I got one of those notifications this morning... don't get the emails anymore, turned them off but you still get the strava notification which my phone promptly informed me about when I checked what time it was this morning... like I really needed to know that before I got out of bed! 

(I think I had 37 before this morning..) not that I am counting or anything like that


----------



## mrbikerboy73 (20 May 2014)

Shadowfax said:


> Lol, how many KoMs do you posess exactly ?
> Only joshing.


I've got two! And if anyone tries to take them from me I will go out there and get them back if it takes me all day. And then I'll tell the world about it on Facebook!


----------



## hopless500 (20 May 2014)

I've got a few QOM's  but they are gradually being snaffled by others. The latest was someone last week beat my QOM in Siem Reap - I think I might have to go back


----------



## jefmcg (29 Sep 2014)

jefmcg said:


> This is my current favourite QOM. I was supposed to be meeting someone I didn't know, but expected to recognise outside Buckingham Palace (no, not the Queen). I wandered around looking for him for quite a while, on foot.



And it's finally been taken from me: 0.7km long, and beaten by 12 minutes.


----------



## Pat "5mph" (30 Sep 2014)

jefmcg said:


> And it's finally been taken from me: 0.7km long, and beaten by 12 minutes.


Condoliances 
Surely you mean 12 seconds?


----------



## SatNavSaysStraightOn (30 Sep 2014)

Pat "5mph" said:


> Condoliances
> Surely you mean 12 seconds?


----------



## Pat "5mph" (30 Sep 2014)

SatNavSaysStraightOn said:


>


Wot?? Am I being obtuse? 
12 minutes over 0.7 km would mean the new QOM has wings?


----------



## SatNavSaysStraightOn (30 Sep 2014)

Pat "5mph" said:


> Wot?? Am I being obtuse?
> 12 minutes over 0.7 km would mean the new QOM has wings?

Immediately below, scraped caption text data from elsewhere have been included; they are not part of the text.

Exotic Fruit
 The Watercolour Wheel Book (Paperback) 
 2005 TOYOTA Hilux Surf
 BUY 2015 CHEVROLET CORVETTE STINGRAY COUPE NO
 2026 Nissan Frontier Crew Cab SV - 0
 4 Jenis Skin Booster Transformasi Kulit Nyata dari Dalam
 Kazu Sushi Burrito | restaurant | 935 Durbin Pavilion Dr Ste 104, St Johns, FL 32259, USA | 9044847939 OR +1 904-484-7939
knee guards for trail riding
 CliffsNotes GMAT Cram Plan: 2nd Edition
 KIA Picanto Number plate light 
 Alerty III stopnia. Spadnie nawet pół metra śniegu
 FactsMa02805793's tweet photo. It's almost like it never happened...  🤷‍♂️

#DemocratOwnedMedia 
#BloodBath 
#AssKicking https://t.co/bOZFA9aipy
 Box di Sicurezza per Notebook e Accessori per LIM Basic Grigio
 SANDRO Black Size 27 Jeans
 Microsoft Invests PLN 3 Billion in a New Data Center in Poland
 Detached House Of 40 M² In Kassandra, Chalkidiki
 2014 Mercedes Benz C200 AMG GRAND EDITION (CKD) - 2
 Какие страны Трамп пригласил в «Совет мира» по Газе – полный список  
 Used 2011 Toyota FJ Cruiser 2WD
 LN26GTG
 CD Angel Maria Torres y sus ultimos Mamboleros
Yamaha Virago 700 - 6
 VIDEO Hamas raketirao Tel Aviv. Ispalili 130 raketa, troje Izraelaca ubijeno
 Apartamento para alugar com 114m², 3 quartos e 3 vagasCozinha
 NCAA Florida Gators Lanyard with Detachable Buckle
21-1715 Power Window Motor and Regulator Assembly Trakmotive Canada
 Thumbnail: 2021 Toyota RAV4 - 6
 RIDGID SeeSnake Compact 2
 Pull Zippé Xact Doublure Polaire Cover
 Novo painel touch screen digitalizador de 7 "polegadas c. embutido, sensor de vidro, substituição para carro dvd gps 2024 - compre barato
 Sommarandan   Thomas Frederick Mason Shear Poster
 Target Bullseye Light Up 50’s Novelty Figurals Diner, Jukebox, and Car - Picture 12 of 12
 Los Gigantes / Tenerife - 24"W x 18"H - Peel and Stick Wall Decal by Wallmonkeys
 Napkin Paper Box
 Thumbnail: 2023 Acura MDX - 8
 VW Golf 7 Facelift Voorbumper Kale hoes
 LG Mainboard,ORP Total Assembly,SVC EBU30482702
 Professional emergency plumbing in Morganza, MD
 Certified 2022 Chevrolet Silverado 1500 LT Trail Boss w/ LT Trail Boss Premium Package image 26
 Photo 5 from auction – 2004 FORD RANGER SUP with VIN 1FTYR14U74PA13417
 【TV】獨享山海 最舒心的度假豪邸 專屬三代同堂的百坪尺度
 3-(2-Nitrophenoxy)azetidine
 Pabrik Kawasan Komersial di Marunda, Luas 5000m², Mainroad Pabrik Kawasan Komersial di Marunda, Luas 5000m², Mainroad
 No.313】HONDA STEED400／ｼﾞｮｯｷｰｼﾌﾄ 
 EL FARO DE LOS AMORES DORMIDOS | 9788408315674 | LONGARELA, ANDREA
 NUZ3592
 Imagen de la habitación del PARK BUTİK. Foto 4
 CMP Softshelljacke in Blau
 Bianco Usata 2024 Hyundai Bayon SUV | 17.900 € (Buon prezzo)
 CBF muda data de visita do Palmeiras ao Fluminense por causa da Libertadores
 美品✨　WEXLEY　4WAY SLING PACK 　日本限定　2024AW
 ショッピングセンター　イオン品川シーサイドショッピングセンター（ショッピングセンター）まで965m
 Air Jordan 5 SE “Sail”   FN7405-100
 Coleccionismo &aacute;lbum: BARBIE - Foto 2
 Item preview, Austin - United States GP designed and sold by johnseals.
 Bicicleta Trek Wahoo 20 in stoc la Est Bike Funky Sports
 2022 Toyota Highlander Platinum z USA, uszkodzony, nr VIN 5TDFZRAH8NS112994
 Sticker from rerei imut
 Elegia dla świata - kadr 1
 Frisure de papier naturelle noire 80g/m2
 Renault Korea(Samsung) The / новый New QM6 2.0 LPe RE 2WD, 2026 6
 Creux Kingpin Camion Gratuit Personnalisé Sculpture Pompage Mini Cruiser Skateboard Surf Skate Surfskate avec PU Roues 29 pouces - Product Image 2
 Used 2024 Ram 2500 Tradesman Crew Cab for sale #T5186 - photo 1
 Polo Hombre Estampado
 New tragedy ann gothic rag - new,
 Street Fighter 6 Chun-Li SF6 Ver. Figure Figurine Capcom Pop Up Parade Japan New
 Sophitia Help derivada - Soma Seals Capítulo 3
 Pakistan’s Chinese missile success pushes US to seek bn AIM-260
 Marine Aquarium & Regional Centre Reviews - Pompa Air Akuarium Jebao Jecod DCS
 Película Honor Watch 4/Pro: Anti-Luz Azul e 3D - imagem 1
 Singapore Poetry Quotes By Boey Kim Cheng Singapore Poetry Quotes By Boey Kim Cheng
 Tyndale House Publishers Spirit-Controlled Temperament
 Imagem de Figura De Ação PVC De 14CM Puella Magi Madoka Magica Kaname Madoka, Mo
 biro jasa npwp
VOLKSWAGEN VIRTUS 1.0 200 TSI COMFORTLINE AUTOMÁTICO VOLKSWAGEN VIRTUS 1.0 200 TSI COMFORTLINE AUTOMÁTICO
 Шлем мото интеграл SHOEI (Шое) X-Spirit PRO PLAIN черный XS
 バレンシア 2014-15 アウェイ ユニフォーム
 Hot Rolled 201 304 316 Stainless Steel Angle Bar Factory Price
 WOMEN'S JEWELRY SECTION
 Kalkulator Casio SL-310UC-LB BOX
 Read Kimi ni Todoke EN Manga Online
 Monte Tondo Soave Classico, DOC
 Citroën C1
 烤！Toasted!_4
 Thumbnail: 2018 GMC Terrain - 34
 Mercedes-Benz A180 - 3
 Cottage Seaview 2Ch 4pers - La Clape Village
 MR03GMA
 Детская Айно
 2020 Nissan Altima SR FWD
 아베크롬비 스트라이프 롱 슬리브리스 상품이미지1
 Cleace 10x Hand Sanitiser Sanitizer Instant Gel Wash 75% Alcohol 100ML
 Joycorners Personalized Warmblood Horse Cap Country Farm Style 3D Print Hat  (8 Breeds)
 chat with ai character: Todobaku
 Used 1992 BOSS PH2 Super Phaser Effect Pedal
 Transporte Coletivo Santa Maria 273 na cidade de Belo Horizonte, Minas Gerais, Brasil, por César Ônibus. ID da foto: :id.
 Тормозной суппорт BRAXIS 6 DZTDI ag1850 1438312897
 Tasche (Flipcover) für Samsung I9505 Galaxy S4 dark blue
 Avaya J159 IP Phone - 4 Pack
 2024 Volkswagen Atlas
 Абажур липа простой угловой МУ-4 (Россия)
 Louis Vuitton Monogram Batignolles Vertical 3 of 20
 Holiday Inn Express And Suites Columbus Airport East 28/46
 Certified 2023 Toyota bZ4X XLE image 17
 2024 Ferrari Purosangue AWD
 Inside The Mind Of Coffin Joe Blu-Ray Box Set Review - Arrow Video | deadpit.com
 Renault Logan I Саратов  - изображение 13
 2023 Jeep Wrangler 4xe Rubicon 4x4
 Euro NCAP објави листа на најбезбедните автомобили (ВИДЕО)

1 min 16 seconds compared to 13 mins 16 seconds... link is with the quote that she has lost it... although that said, the fastest woman is faster than the fastest man by 12 seconds... with an average of 30.8kph (18.9mph), still not that unfeasible...


----------



## Pat "5mph" (30 Sep 2014)

SatNavSaysStraightOn said:


> 1 min 16 seconds compared to 13 mins 16 seconds... link is with the quote that she has lost it... although that said, the fastest woman is faster than the fastest man by 12 seconds... with an average of 30.8kph (18.9mph), still not that unfeasible...


Aha, got it!


----------



## SatNavSaysStraightOn (30 Sep 2014)

@Pat "5mph" I have 1 or 2 QOM's where I have had lunch in the middle of the segment and have ended up with the QOM simply by being the only woman to have done the segment... usually not knowing I have done it full stop (and often on tour or similar).... strangely I don't mind loosing those ones!


----------



## summerdays (30 Sep 2014)

I got a 4th today, I was cycling in a pedestrianised area for part of the route so bimbling along! All you would have to do would be go back either first thing or late at night. And it's apparently a Category 4

How do I see how many QOMs I have without going and looking at the specific segments?


----------



## Pat "5mph" (30 Sep 2014)

I'm the current QOM of the pedestrianized section of our city centre.
It's all downhill, and I rode it at 1am on a Tuesday morning 
Was QOM of a couple of obscure segments that I will probably never ride again.


----------



## SatNavSaysStraightOn (30 Sep 2014)

There's a couple of ways. The easiest is by far is through veloviewer which tells you in your signature line option... Otherwise in strava you have to go into your account and look for the CR/something else tab and then count... There are 20 per page, or at least were last time I looked


----------



## summerdays (30 Sep 2014)

Ah found them I have about 7, most of which I'm the only female or just a couple. I have one where I'm the fastest of about 37, and that one I'm pleased with. I'm sure I had the next segment too at some point so I've obviously lost some.


----------



## jefmcg (30 Sep 2014)

SatNavSaysStraightOn said:


> 1 min 16 seconds compared to 13 mins 16 seconds... link is with the quote that she has lost it... although that said, the fastest woman is faster than the fastest man by 12 seconds... with an average of 30.8kph (18.9mph), still not that unfeasible...


Thanks.

I arrived at Buck Palace, wandered around on foot for a quarter of an hour looking for the people I was meeting at the fountain. During that time, I managed to circumnavigate the fountain twice (with some back tracking, I'm sure) that won me QOM at 2.9km/h. The 30kph lass managed to take 90% off my time, and thoroughly kicked my butt.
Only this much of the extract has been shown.